We also quantified the frequency of indel mutations that occurred in the tra-2 locus for each blocking condition that we tested (Figure 2, B and C, Supplementary Table S3). Because indels often result from NHEJ repair pathways, the presence of indels might suggest that NHEJ had been favored over HDR, which might be expected under conditions where Cas9 was not completely blocked. Consistent with this idea, we observed low indel rates in F2 generation dumpy animals when the PAM was mutated (2.3% indels) or when the PAM was mutated alongside an additional mutation in the guide sequence: P2+PAM (0.0% indels), P11+PAM (5.7% indels), or P20+PAM (0.0% indels, Figure 2B, Supplementary Table S3). By comparison, we observed slightly increased indel rates when using single nucleotide blocking mutations within the guide sequence in F2 generation dumpy animals (8.1 ± 4.6% indels, P < 0.05, Figure 2B, Supplementary Table S3). Furthermore, the position of the substitutions within the guide sequence appears to influence the frequency of indels observed under each blocking condition (Figure 2B, Supplementary Table S3). For example, we observed a low indel rate for the P2 (2.0% indels) and P5 (1.5% indels) substitutions, located near the 3′ end of the guide sequence, whereas we observed increased indel frequency P17 (11.8% indels) and P20 (9.6% indels) substitutions that are closest to the 5′ end of the guide sequence (Figure 2B, Supplementary Table S3). Thus, the expected blocking efficiency of each mutation appears to inversely correlate with the frequency of indel mutations under that blocking condition. In most cases, the indel rate in F2 generation nondumpy animals was increased compared to the respective blocking mutations in their dumpy siblings (Figure 2, Supplementary Table S3) For example, while the P2 mutation led to a 2.0% indel rate in dumpy animals, this rate increased to 18.0% in nondumpy animals (Figure 2, Supplementary Table S3). This suggests that nondumpy animals are biased toward NHEJ-dependent repair pathways compared to their dumpy siblings. This observation suggests that different mechanisms might influence repair of the dpy-10-edited haplotypes compared to the haplotypes that are not edited at the dpy-10 locus.

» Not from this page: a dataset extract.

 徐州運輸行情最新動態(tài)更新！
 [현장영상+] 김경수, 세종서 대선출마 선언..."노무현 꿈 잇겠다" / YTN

We were also able to recover HDR-edited animals when a blocking mutation was not incorporated into the repair template. We found that 21.8% of dumpy and 2.3% of nondumpy F2 generation animals carried HDR-edited mutations (Figure 2, Supplementary Table S3), with HDR-editing assessed by the presence of the nonblocking RsaI restriction site. Although the HDR-editing rates under the no-blocking condition appeared to be substantially reduced compared to conditions that introduced a blocking mutation (Figure 2, Supplementary Table S3), it was unexpected that any HDR-edited animals could be recovered given that Cas9 was not blocked from targeting the repaired DNA. We defined HDR editing for the no-blocking condition as the incorporation of the RsaI restriction site that is located on the 3′ side of the PAM sequence, although it is possible that HDR had occurred without introducing the RsaI restriction site. In support of this idea, HDR using ssODN donor molecules has been shown to favor repair in one direction of the PAM depending on which strand the ssODN donor is complementary to Farboud et al. (2019). It is therefore possible that our analysis underestimated the frequency of HDR repair when a blocking mutation was not included. These findings suggest that blocking mutations do not appear to be absolutely required to recover HDR-edited animals in C. elegans, suggesting that a temporal block might restrict Cas9 from continuing to target the genome after HDR.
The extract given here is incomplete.